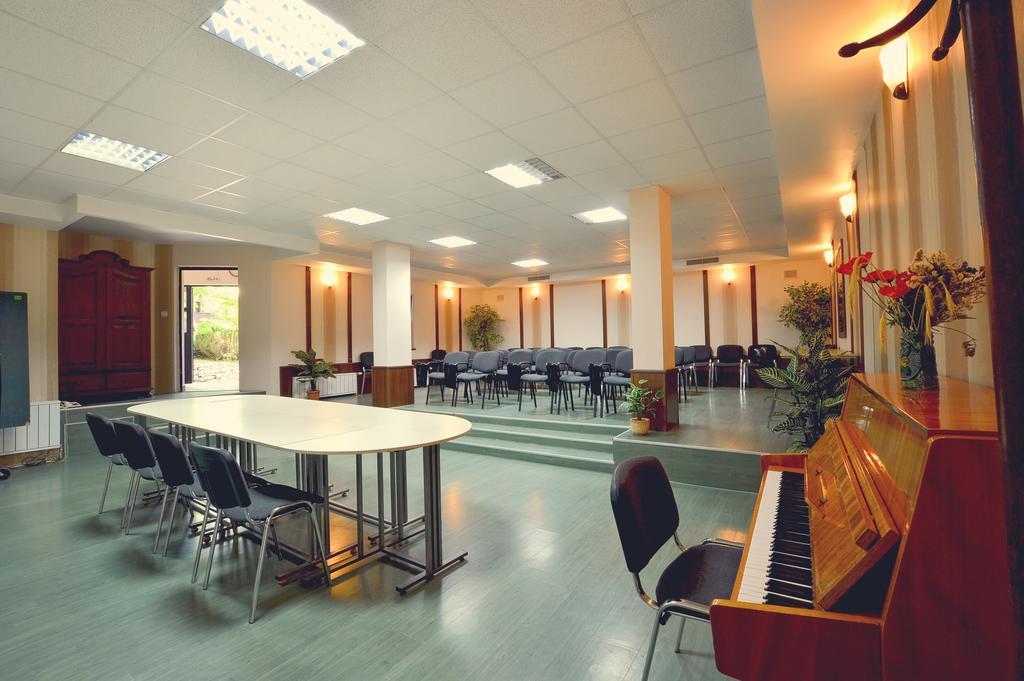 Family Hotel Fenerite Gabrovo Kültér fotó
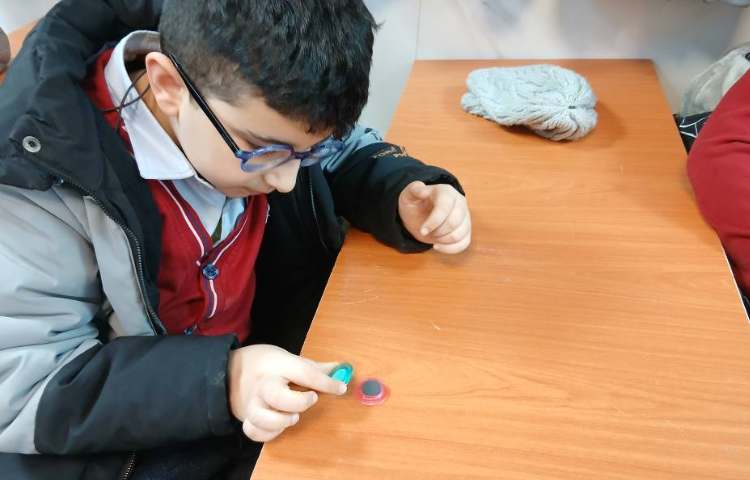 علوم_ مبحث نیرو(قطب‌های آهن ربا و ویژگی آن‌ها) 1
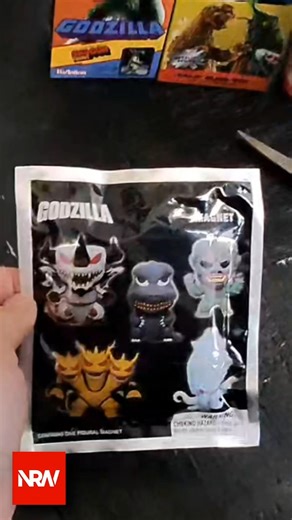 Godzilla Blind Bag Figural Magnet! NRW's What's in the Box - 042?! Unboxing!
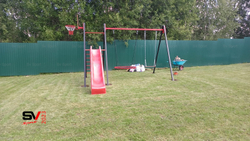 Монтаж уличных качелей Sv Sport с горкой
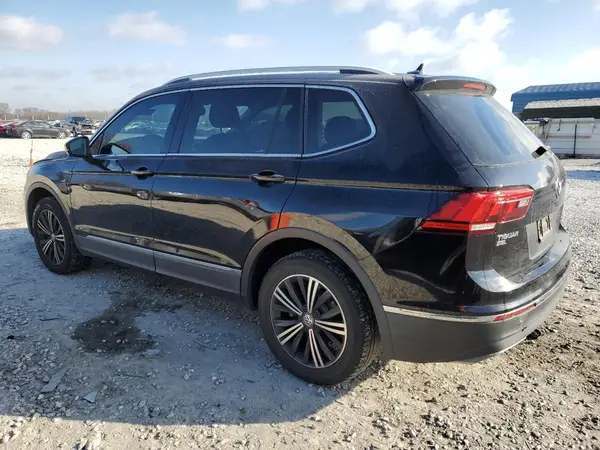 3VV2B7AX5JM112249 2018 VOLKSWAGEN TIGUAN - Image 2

========================================================================

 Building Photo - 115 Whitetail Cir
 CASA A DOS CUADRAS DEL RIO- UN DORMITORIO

========================================================================

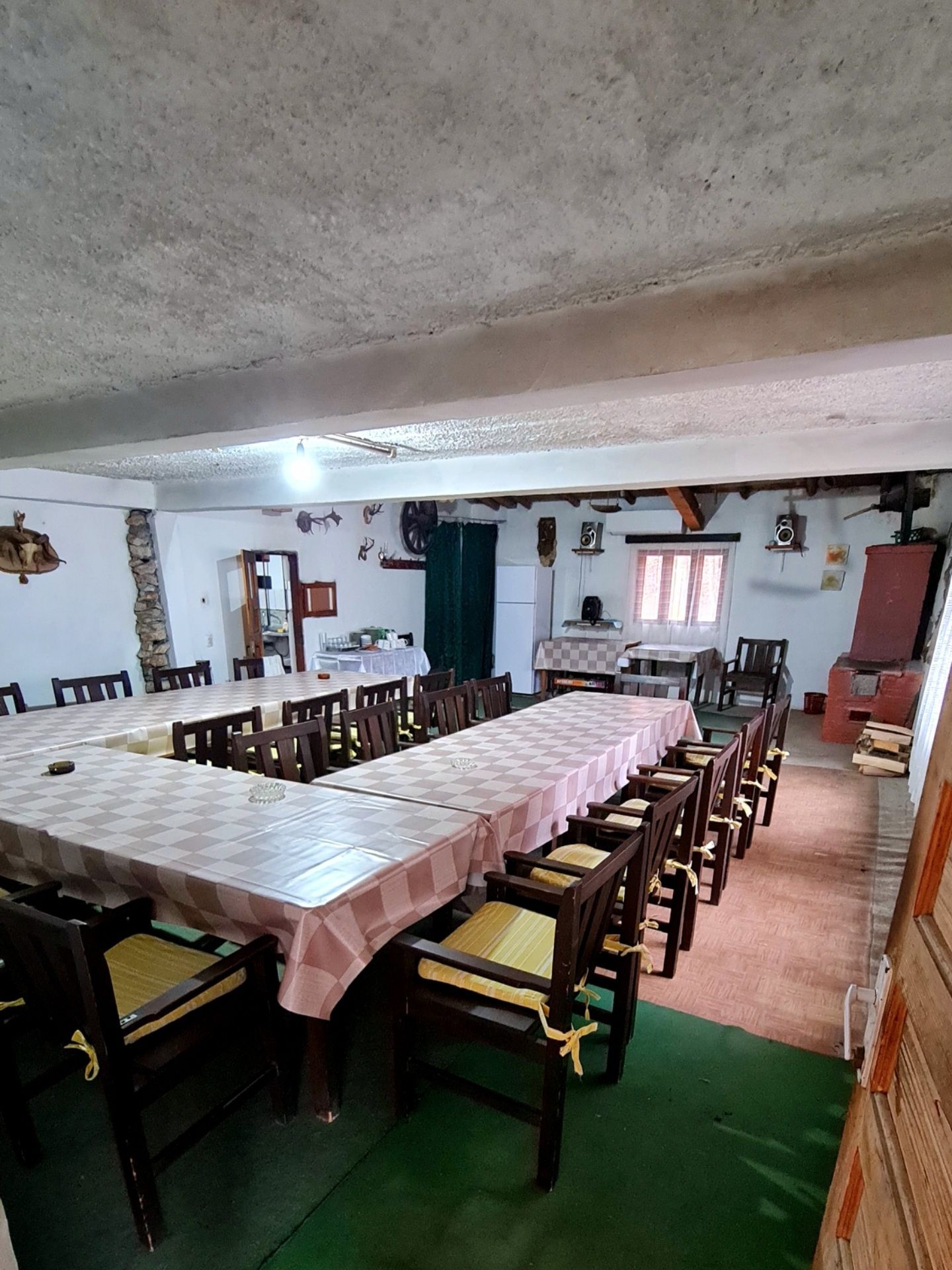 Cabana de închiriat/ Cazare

========================================================================

**WHAT THIS TASK INVOLVES:**
Without the pictures, set down the lines above from the line with "Family Hotel Fenerite Gabrovo Kültér fotó" up to and including the line with "3VV2B7AX5JM112249 2018 VOLKSWAGEN" exactly as they stand.

**TASK RESULT:**
 Family Hotel Fenerite Gabrovo Kültér fotó
 علوم_ مبحث نیرو(قطب‌های آهن ربا و ویژگی آن‌ها) 1
 Godzilla Blind Bag Figural Magnet! NRW's What's in the Box - 042?! Unboxing!
 Монтаж уличных качелей Sv Sport с горкой
 3VV2B7AX5JM112249 2018 VOLKSWAGEN TIGUAN - Image 2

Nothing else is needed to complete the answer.